Matrix-Vector Queries Trace Estimation with Hutch++
Published in University Research Project, 2026
This project studies efficient trace estimation of large matrices using matrix–vector queries through randomized numerical linear algebra methods.
The work focuses on the problem where a matrix is too large to compute or store explicitly, but matrix–vector products can still be evaluated efficiently. In such settings, estimating quantities like the matrix trace becomes an important computational challenge.
To address this, the project implements and analyzes three variants of the Hutch++ algorithm, a modern stochastic trace estimation method that significantly improves upon the classical Hutchinson estimator.
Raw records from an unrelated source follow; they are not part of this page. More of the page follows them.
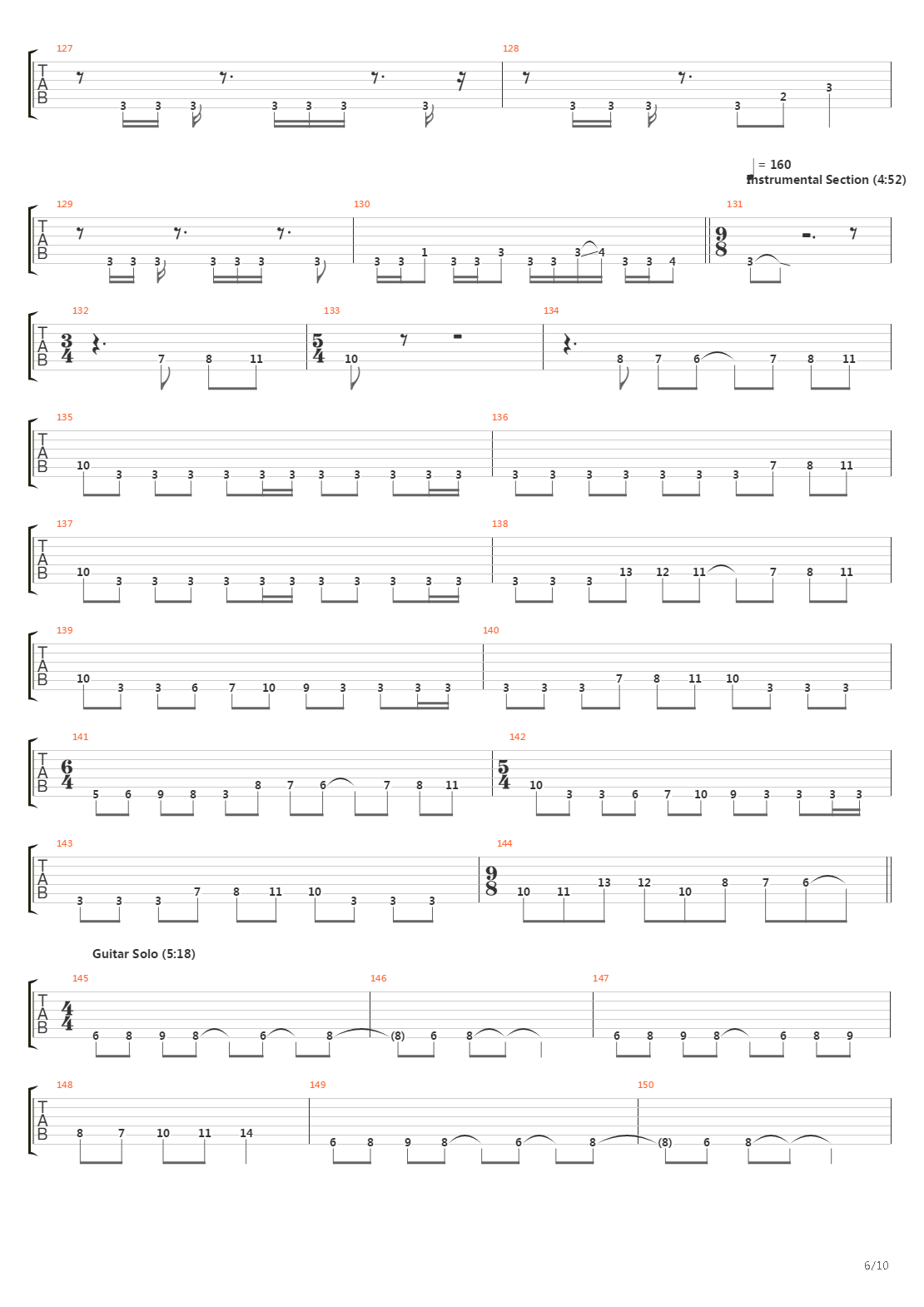 A Rite Of Passage吉他谱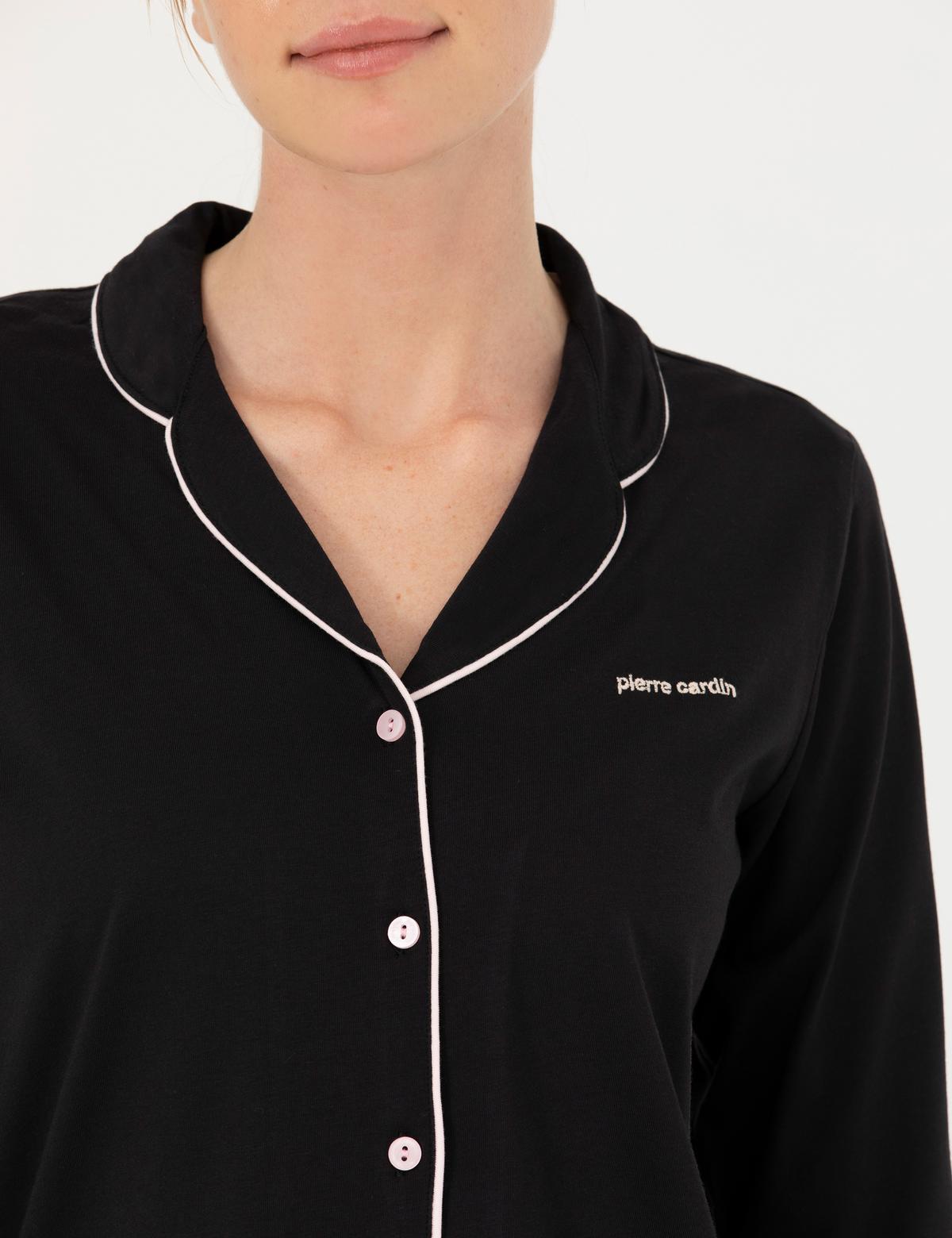 Siyah Pijama Takımı - 50286399016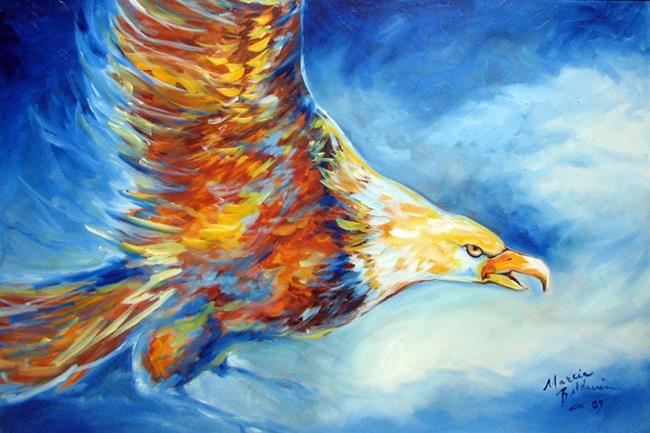 Art: EAGLE by Artist Marcia Baldwin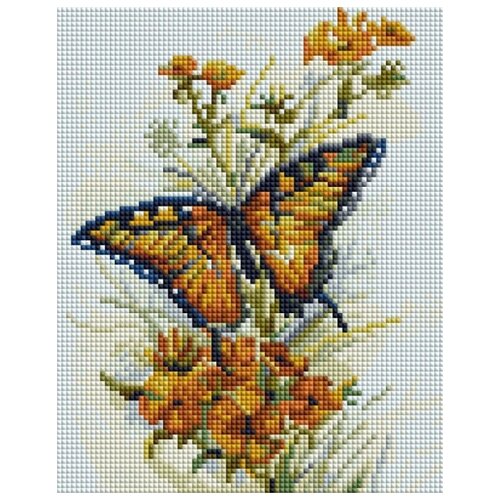 фото Бабочка набор для выкладывания стразами 20х25 белоснежка 428-st-ps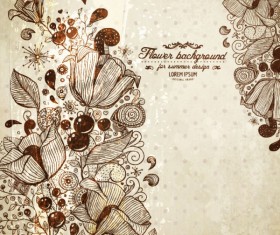 Vintage lace background vector 05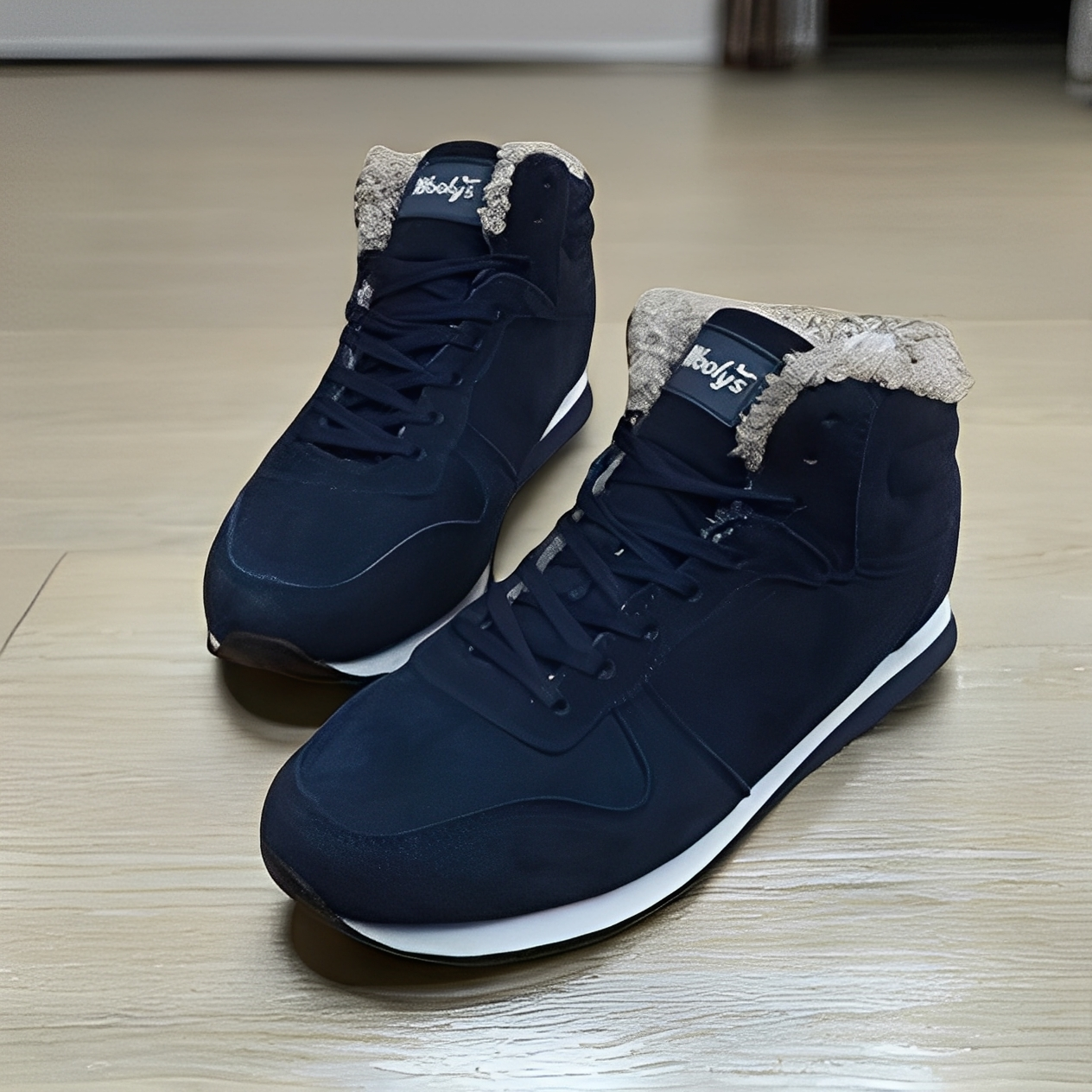 Kayson - Botas de nieve para hombres, elegantes y abrigadas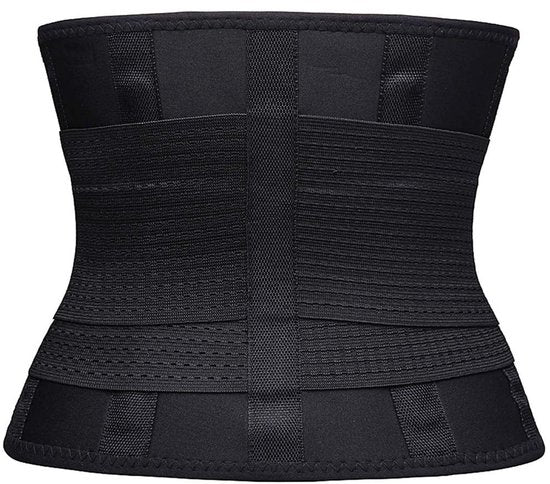 Northwall® Rückenbandage für den unteren Rücken - Rückenkorrektur für sofortige Schmerzlinderung, Rückenunterstützung und Komfort - Haltungskorrektur - Rückenbandage Schwarz XXL (Taille: 121 - 140 cm)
A key application explored in this project is triangle counting in large graphs, using the Wiki-Vote social network dataset. In graph theory, the number of triangles in a graph can be computed through
\[\text{triangles} = \frac{1}{6}\operatorname{tr}(B^3)\]where $B$ is the adjacency matrix of the graph. Instead of explicitly computing $B^3$, the project uses matrix-vector oracles to estimate the trace efficiently.
Key components of the project include:
- Implementation of Hutch++ stochastic trace estimation
- Development of NA-Hutch++ (non-adaptive) and Gaussian-Hutch++ variants
- Construction of matrix–vector oracle representations for large matrices
- Application to triangle counting in large-scale graph datasets
- Performance evaluation comparing different estimators and query complexities
The project demonstrates how randomized algorithms and matrix sketching techniques enable scalable analysis of large datasets where traditional linear algebra methods become computationally infeasible.
This work highlights the power of matrix-vector query models and randomized numerical linear algebra for solving large-scale problems in graph analytics and scientific computing.